The salamander, in ancient Greek and Roman mythology, can live in fire. When Jennifer Barber decided to start a literary magazine in 1992, she found the animal’s rumored resilience appealing. “I thought it was a good metaphor for what writers do, how they deal with their difficult experiences and transform them into art,” she says.
Salamander Magazine publishes poetry, fiction, and memoir. The publication also sponsors events and readings, mostly in the Boston area.
Barber and her staff look for highly accomplished work from writers who might not yet be household names but who deserve a wider audience. From the first issue, they’ve had a strong commitment to publishing female writers.
“When I started the journal such a long time ago, there weren’t very many literary journals with women editors,” Barber says. “And I wanted to make sure we had a great representation of women writers.”
Tone, editorial content
Salamander’s guidelines indicate editorial interest in literary works with the power to transform. “Transformative,” Barber explains, “in the sense that you read a piece and feel changed by it, and it stays in your mind.”
She points to a story in the June issue of Salamander as an example. Titled “My Father’s Teeth,” it’s Marsha Pomerantz’s memoir piece exploring the intersection between her father’s life as an immigrant and her own life. Pomerantz begins:
“My father saved his teeth by lying through them. Somewhere on the border between Russia and Poland, pines and rifles, in the nineteen-teens, he went off to the woods with two other boys to visit the village horses hidden there from soldiers, who would commandeer anything from anybody, but especially from Jews.”
“It’s a personal history, but it has a larger historical background of leaving the old country and starting a new life, having to acquire a language,” Barber says. “It made me think a lot about father-daughter relationships – the ways they succeed, the ways they fail. It uses the teeth as a metaphor for a lot of different things.”
Contributors
Past contributors to Salamander include Afaa Michael Weaver, Yiyun Li, Naira Kuzmich, Sonya Larson, Carys Davies, Siobhan Fallon, Chase Twichell, and Maura Stanton. James Winter has a short story called “The Watchers” in the June issue. It follows the life of a teenager in Ahmedabad, India, surviving with his girlfriend in a slum shanty, without money for food. The main character is haunted by the thought that men are going in search of vulnerable people and stealing their organs for science.
“The story is beautifully done,” Barber says, “because you can never tell if this is a reasonable fear based on reality or based on rumors that he’s heard. It’s a very intense piece.”

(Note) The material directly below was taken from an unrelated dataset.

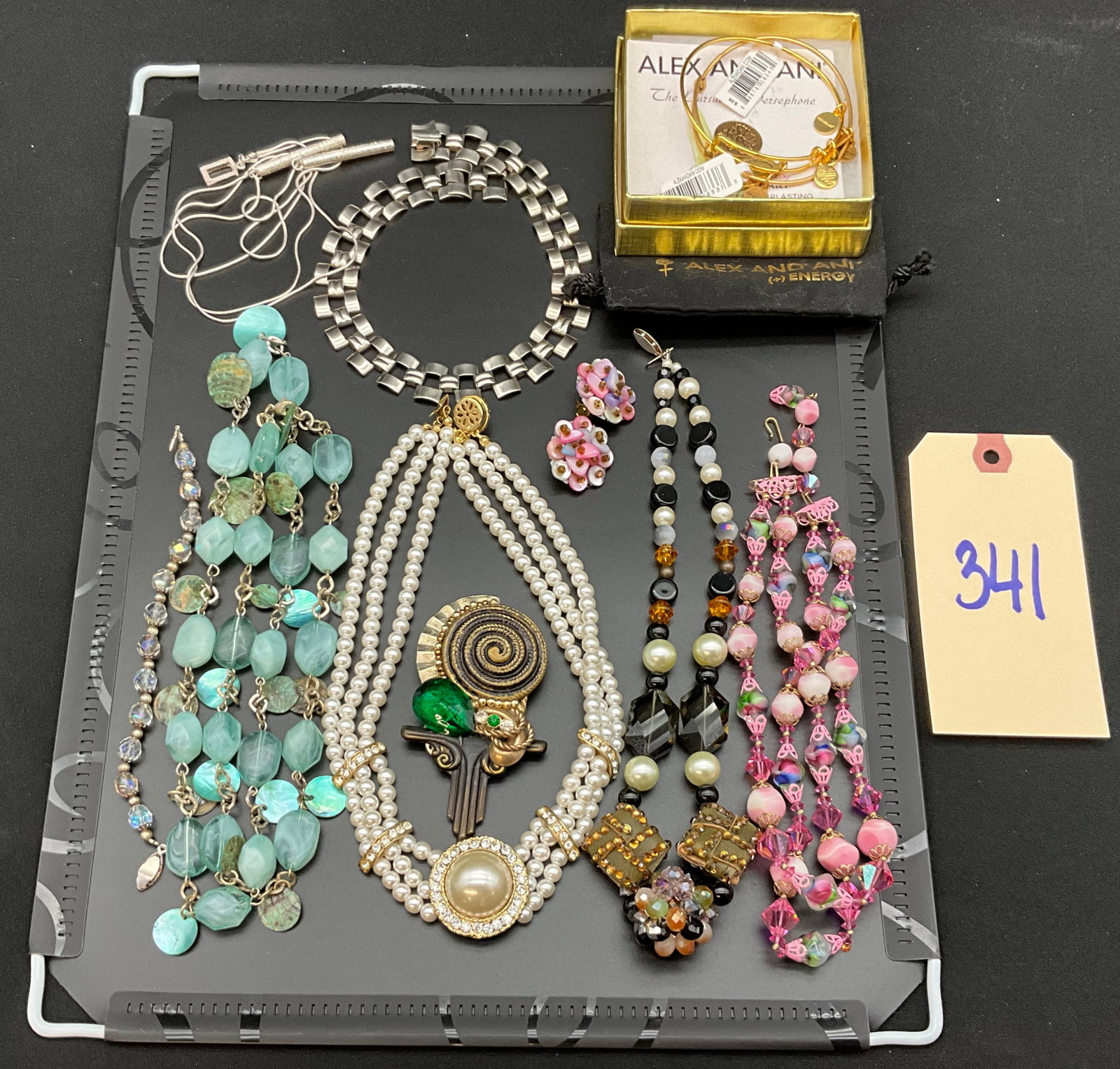 A Collection of Vintage Costume Jewelry: This collection of vintage costume jewelry features an assortment of beaded necklaces, a large mixed-media brooch, and a pair of floral cluster earrings. Included items consist of a triple-strand faux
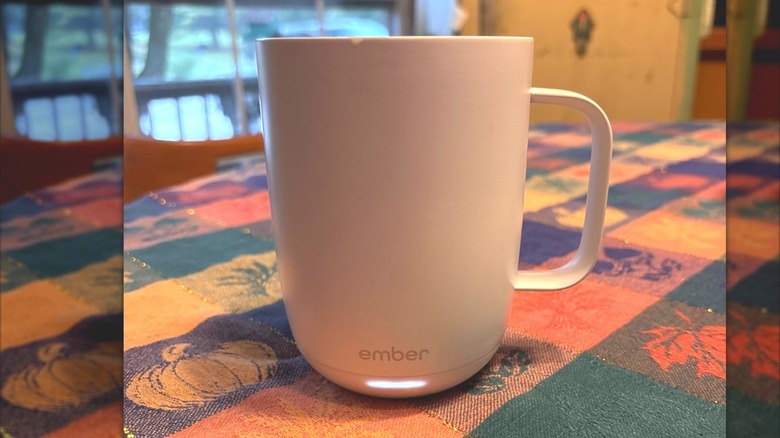 White electronic Ember mug on fall tablecloth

The same issue contains a short story by Mary Crawford. Titled “Vibiana in the Half-Court Set,” it’s about a girl and her best friend – eighth graders on a Los Angeles-area high school basketball team in 1987. “Much more than that, it’s about the families of the two girls,” Barber says. “The main character is the daughter of Irish immigrants. Her best friend is the daughter of an African-American father and a Korean mother. It’s a really wonderful piece on a lot of levels, with an awful lot going on in it that makes you stop and think.”
She notes that when we talk as a society about identity, we often discuss a particular ethnicity or race as if each category were entirely separate. She appreciates the intersectionality that informs Crawford’s story. “If your mother’s Korean and your father’s African American, your identity is going to be complex,” she says, “and your best friend trying to understand your identity will have a more layered appreciation of it.”
Advice for potential contributors
Barber believes memoir, in particular, presents structural challenges because authors are drawing directly on their own experiences. “It’s difficult to know where to start and where to end, and what kind of structure you’re going to apply to the piece,” she explains. “Successful memoir is very highly shaped and structured. It needs to have all of the artistic qualities of a poem, say, or a short story. Everything that’s there is completely necessary to the overall design.”
She suggests that writers show their work to trusted friends or writing colleagues and solicit feedback before they submit. “Each work has its own timeline, and it can be very hard for the writer to judge when a piece is finished,” she says. “Usually, it’s helpful to let a little time go on between when you think a piece is finished and when you send it.”